# Initial recommendation engine design (PoC)

In [1]:
import typing
import logging
from enum import Enum
from enum import auto

_LOGGER = logging.getLogger(__name__)
logging.basicConfig()
_LOGGER.setLevel(logging.DEBUG)

In [2]:
from thoth.lab import packages_info
# Show working environment to have this reproducible.
packages_info()

Unnamed: 0,importable,package,version
0,True,thoth.adviser,0.0.2
1,True,thoth.analyzer,0.0.5
2,True,thoth.common,0.0.3
3,True,thoth.lab,0.0.3
4,True,thoth.package_extract,1.0.0
5,True,thoth.solver,1.0.2
6,True,thoth.storages,0.0.29


We will use utilities already present in the Thoth's code base.

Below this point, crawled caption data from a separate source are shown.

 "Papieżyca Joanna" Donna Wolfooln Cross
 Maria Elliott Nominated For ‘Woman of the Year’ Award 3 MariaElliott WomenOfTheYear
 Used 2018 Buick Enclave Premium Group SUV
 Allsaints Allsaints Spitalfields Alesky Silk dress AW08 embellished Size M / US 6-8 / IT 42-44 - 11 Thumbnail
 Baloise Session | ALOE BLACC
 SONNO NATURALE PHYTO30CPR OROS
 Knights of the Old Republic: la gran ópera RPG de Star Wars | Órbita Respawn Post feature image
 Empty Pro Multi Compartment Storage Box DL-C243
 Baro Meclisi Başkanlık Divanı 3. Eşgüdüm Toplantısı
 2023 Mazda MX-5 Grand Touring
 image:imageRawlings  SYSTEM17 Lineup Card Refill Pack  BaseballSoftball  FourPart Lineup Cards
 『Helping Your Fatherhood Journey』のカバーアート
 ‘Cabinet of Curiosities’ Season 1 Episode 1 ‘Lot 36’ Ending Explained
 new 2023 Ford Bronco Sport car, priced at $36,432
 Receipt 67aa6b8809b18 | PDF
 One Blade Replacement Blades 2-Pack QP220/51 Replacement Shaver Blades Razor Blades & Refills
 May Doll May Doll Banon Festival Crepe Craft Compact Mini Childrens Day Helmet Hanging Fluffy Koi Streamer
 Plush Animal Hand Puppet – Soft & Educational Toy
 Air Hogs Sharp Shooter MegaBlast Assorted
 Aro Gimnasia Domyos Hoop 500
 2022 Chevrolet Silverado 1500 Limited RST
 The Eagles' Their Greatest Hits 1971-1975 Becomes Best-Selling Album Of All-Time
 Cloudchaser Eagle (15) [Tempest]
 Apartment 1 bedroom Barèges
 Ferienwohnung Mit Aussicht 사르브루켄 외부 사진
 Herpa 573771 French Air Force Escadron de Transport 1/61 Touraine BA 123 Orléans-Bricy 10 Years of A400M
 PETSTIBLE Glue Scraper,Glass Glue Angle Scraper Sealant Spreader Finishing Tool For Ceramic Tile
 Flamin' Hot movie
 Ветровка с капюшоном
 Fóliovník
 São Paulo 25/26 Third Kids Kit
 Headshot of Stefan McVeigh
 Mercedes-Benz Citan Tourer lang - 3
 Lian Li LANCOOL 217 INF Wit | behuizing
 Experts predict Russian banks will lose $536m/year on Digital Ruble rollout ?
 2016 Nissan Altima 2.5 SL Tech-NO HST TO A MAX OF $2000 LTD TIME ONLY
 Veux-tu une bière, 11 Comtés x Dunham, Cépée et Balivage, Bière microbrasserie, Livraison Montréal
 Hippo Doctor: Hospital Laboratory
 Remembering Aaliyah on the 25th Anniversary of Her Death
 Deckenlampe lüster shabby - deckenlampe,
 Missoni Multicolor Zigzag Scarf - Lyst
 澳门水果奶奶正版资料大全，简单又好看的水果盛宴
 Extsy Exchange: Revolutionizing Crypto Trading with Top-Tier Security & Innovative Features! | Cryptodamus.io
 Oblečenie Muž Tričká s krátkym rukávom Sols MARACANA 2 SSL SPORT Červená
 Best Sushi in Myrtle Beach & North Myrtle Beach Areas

We will also use internal API of `pip`. Note that you need to have installed `pip<10` as API changed recently with release 10.

In [3]:
from thoth.solver import pip_compile
from pip._vendor.packaging.requirements import Requirement
from pip._vendor.packaging.specifiers import SpecifierSet

We will provide three basic recommendations:

  1. **STABLE** - based on knowledge we have, we know that the given software stack will work in the given environmnet
  2. **TESTING** - exclude packages that can cause errors, leave packages for which we don't have information about (testing their behavior in a software stack)
  3. **LATEST** - always a bleeding edge software stack

In [4]:
class RecommendationType(Enum):
    STABLE = auto()
    TESTING = auto()
    LATEST = auto()

In examples in this notebook we will be assuming we request `flask` and `tensorflow` in our software stack. This input can directly come from `requirements.txt` so it is ok to put even version specifiers.

In [5]:
raw_requirements = """
tensorflow
flask>=1.0
"""

We leave the resolution logic on `pip-compile` that resolves the given software stack and provides full pinned-down software stack specification for Python packages that are direct or transitive dependencies of our requirements.

In [6]:
print(pip_compile(*raw_requirements.splitlines()))

#
# This file is autogenerated by pip-compile
# To update, run:
#
#    pip-compile --output-file requirements.txt requirements.in
#
absl-py==0.2.2            # via tensorflow
astor==0.6.2              # via tensorflow
bleach==1.5.0             # via tensorboard
click==6.7                # via flask
flask==1.0.2
gast==0.2.0               # via tensorflow
grpcio==1.12.0            # via tensorflow
html5lib==0.9999999       # via bleach, tensorboard
itsdangerous==0.24        # via flask
jinja2==2.10              # via flask
markdown==2.6.11          # via tensorboard
markupsafe==1.0           # via jinja2
numpy==1.14.3             # via tensorboard, tensorflow
protobuf==3.5.2.post1     # via tensorboard, tensorflow
six==1.11.0               # via absl-py, bleach, grpcio, html5lib, protobuf, tensorboard, tensorflow
tensorboard==1.8.0        # via tensorflow
tensorflow==1.8.0
termcolor==1.1.0          # via tensorflow
werkzeug==0.14.1          # via flask, tensorboard
wheel==0.31.1         

We will directly reuse logic offered by pip to correctly parse packages from their textual representation considering version ranges.

In [7]:
def parse_requirements(requiremnets: str) -> typing.List[Requirement]:
    return [Requirement(req) for req in raw_requirements.splitlines() if req and not req.strip().startswith('#')]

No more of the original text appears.